▶ **Task to complete**
Copy the records below in full, keeping each word as it is but omitting the pictures.

Web page caption snippets:
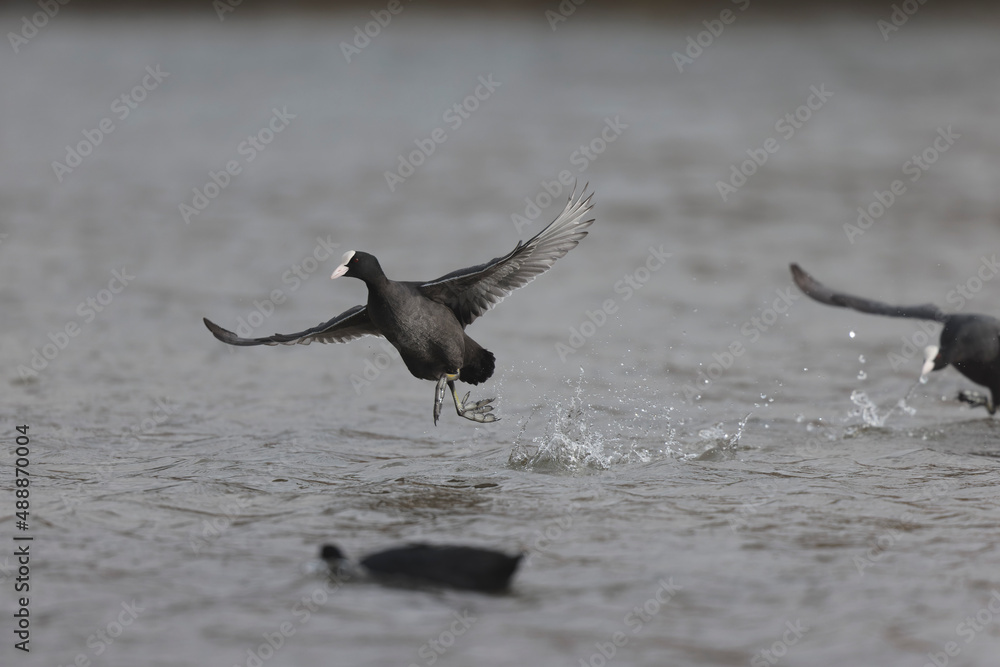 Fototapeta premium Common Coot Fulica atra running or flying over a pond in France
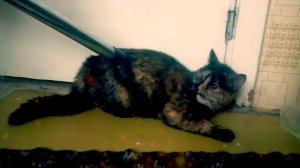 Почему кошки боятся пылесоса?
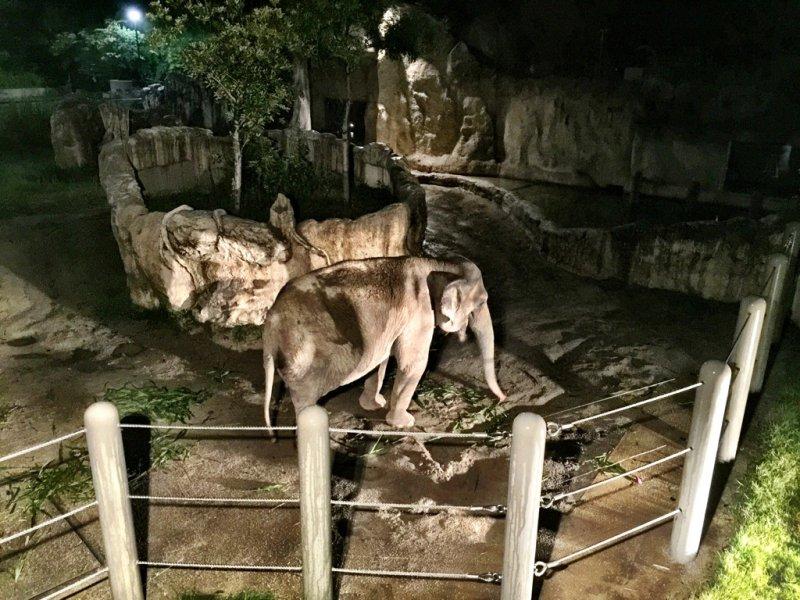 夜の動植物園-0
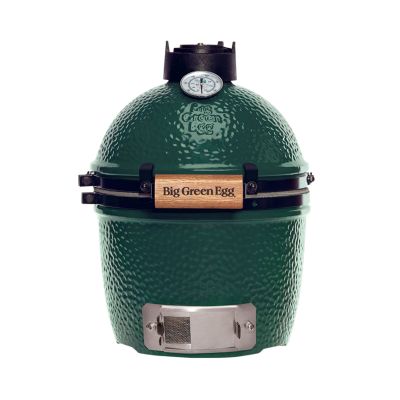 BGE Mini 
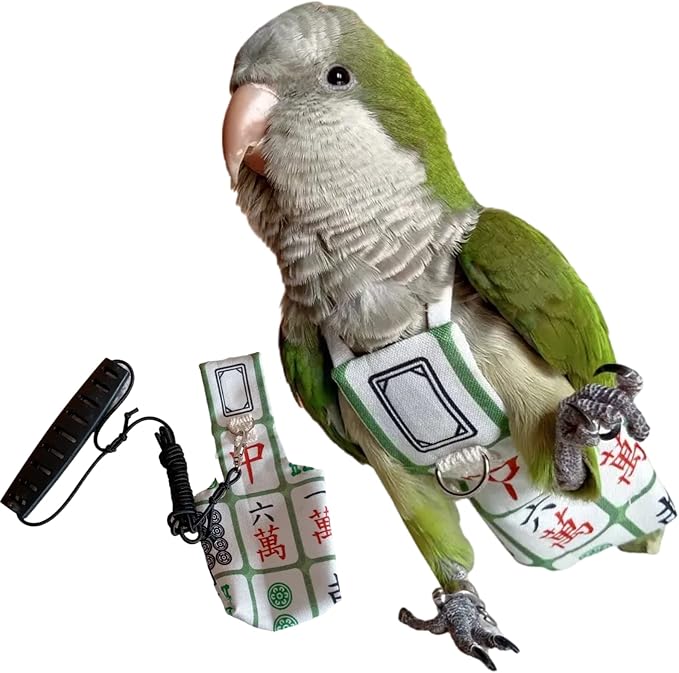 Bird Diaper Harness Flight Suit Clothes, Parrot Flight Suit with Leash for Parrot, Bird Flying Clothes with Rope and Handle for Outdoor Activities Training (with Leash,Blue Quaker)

▶ **Problem solution**
 Fototapeta premium Common Coot Fulica atra running or flying over a pond in France
 Почему кошки боятся пылесоса?
 夜の動植物園-0
 BGE Mini 
 Bird Diaper Harness Flight Suit Clothes, Parrot Flight Suit with Leash for Parrot, Bird Flying Clothes with Rope and Handle for Outdoor Activities Training (with Leash,Blue Quaker)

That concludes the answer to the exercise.